**What you are asked to do**
For this exercise, the reply is the listing below, reproduced exactly.

**Records for the task**

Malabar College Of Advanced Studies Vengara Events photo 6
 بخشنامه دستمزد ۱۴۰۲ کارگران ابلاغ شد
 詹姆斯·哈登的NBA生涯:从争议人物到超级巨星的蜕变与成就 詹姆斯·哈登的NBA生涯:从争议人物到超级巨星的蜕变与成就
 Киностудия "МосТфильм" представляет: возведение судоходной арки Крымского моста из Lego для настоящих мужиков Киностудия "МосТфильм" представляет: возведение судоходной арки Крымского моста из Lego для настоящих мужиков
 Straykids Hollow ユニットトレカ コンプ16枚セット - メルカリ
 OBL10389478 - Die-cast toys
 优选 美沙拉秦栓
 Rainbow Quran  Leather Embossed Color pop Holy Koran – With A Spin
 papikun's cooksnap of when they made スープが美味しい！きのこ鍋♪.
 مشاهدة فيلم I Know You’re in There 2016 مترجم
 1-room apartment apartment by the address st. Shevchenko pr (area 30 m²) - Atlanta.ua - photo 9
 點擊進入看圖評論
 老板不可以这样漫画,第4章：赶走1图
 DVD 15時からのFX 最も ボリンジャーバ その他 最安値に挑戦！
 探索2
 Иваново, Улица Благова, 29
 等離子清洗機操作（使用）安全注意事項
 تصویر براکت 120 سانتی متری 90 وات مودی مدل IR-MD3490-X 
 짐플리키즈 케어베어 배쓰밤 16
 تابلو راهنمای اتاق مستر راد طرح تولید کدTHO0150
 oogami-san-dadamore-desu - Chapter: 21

**Task response**
Malabar College Of Advanced Studies Vengara Events photo 6
 بخشنامه دستمزد ۱۴۰۲ کارگران ابلاغ شد
 詹姆斯·哈登的NBA生涯:从争议人物到超级巨星的蜕变与成就 詹姆斯·哈登的NBA生涯:从争议人物到超级巨星的蜕变与成就
 Киностудия "МосТфильм" представляет: возведение судоходной арки Крымского моста из Lego для настоящих мужиков Киностудия "МосТфильм" представляет: возведение судоходной арки Крымского моста из Lego для настоящих мужиков
 Straykids Hollow ユニットトレカ コンプ16枚セット - メルカリ
 OBL10389478 - Die-cast toys
 优选 美沙拉秦栓
 Rainbow Quran  Leather Embossed Color pop Holy Koran – With A Spin
 papikun's cooksnap of when they made スープが美味しい！きのこ鍋♪.
 مشاهدة فيلم I Know You’re in There 2016 مترجم
 1-room apartment apartment by the address st. Shevchenko pr (area 30 m²) - Atlanta.ua - photo 9
 點擊進入看圖評論
 老板不可以这样漫画,第4章：赶走1图
 DVD 15時からのFX 最も ボリンジャーバ その他 最安値に挑戦！
 探索2
 Иваново, Улица Благова, 29
 等離子清洗機操作（使用）安全注意事項
 تصویر براکت 120 سانتی متری 90 وات مودی مدل IR-MD3490-X 
 짐플리키즈 케어베어 배쓰밤 16
 تابلو راهنمای اتاق مستر راد طرح تولید کدTHO0150
 oogami-san-dadamore-desu - Chapter: 21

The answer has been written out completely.